YOUR ASSIGNMENT
In the data below, locate the line containing "Chaise de terrasse ajourée en plastique" and the line containing "Departamento GRANDE con", then retype both and everything between them exactly. Pictures are not part of the copy.

ENTRIES PROVIDED
----------------------------------------

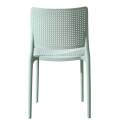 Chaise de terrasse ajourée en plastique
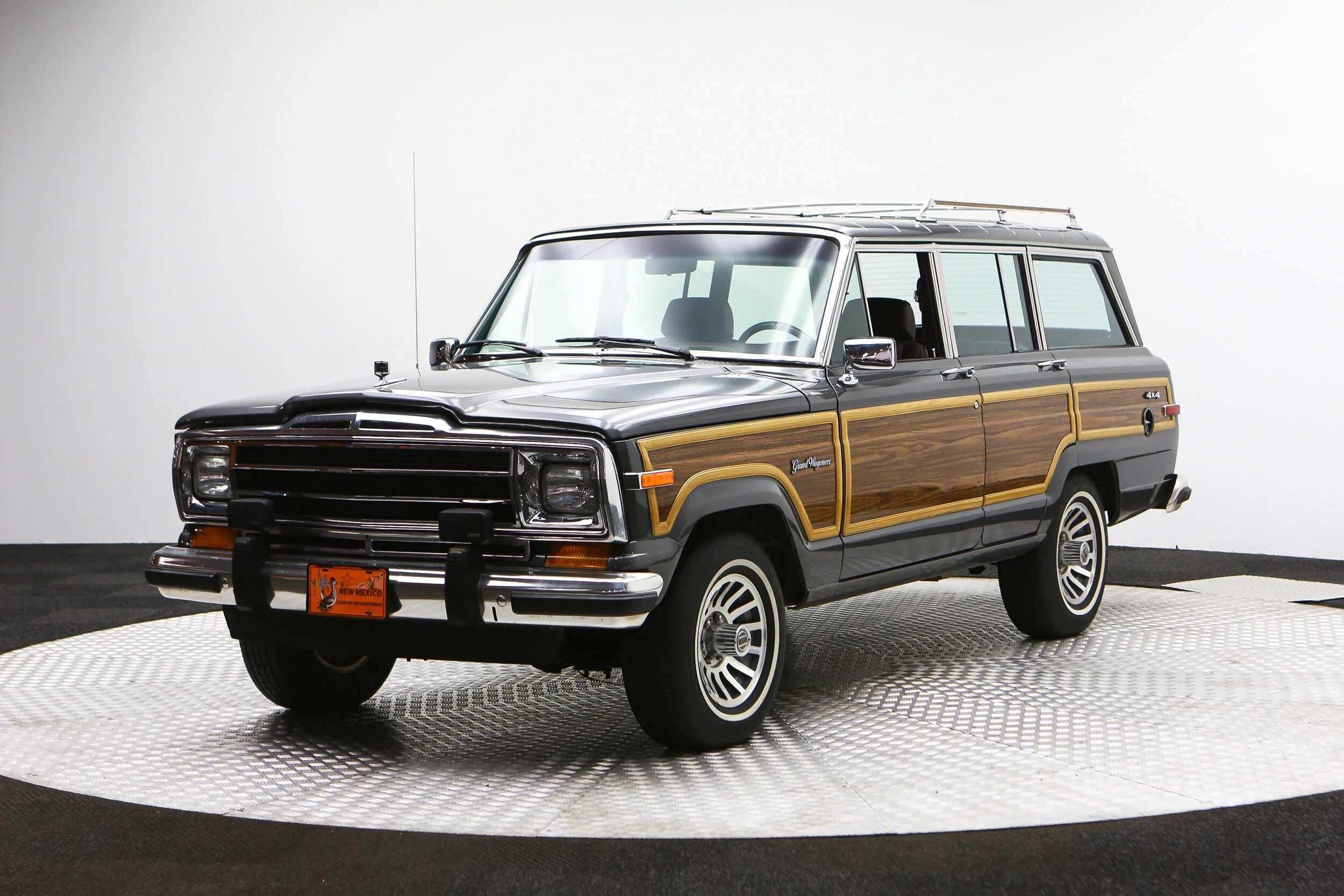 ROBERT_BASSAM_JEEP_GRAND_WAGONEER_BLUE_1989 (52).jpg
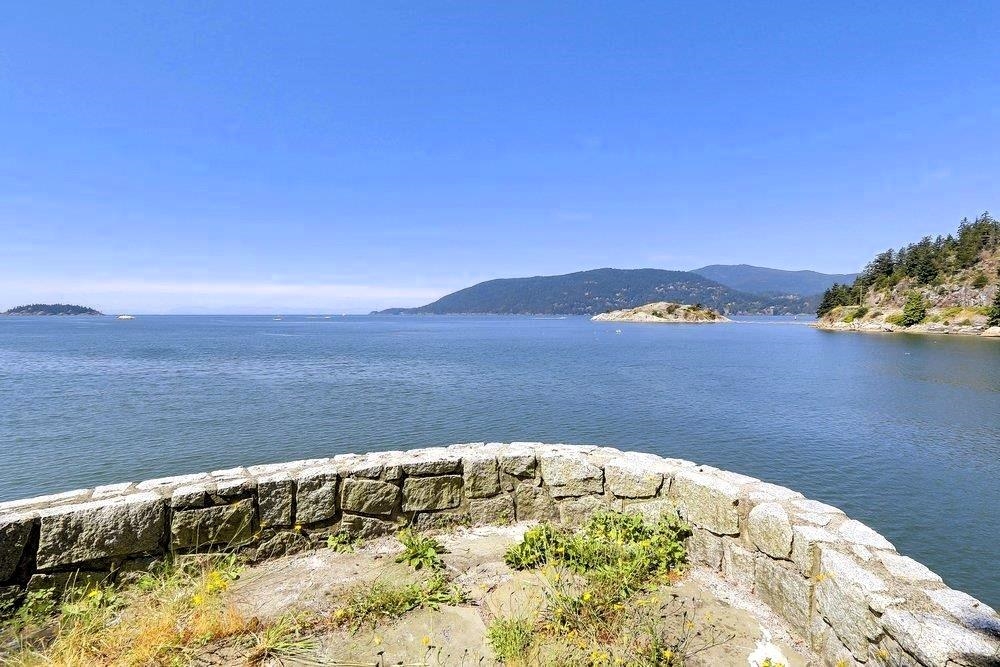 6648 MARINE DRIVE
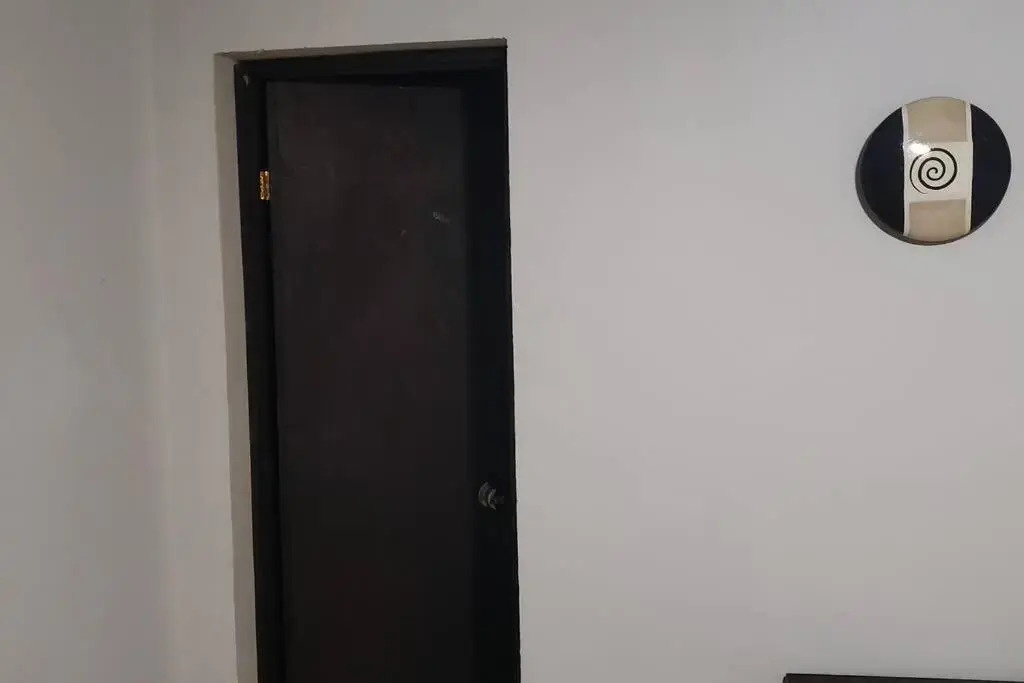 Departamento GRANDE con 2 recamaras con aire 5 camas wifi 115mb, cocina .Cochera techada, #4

----------------------------------------

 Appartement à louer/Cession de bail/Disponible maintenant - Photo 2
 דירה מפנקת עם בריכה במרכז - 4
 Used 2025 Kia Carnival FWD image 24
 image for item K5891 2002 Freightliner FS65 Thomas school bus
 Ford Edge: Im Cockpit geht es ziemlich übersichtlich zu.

----------------------------------------

ANSWER SECTION
 Chaise de terrasse ajourée en plastique
 ROBERT_BASSAM_JEEP_GRAND_WAGONEER_BLUE_1989 (52).jpg
 6648 MARINE DRIVE
 Departamento GRANDE con 2 recamaras con aire 5 camas wifi 115mb, cocina .Cochera techada, #4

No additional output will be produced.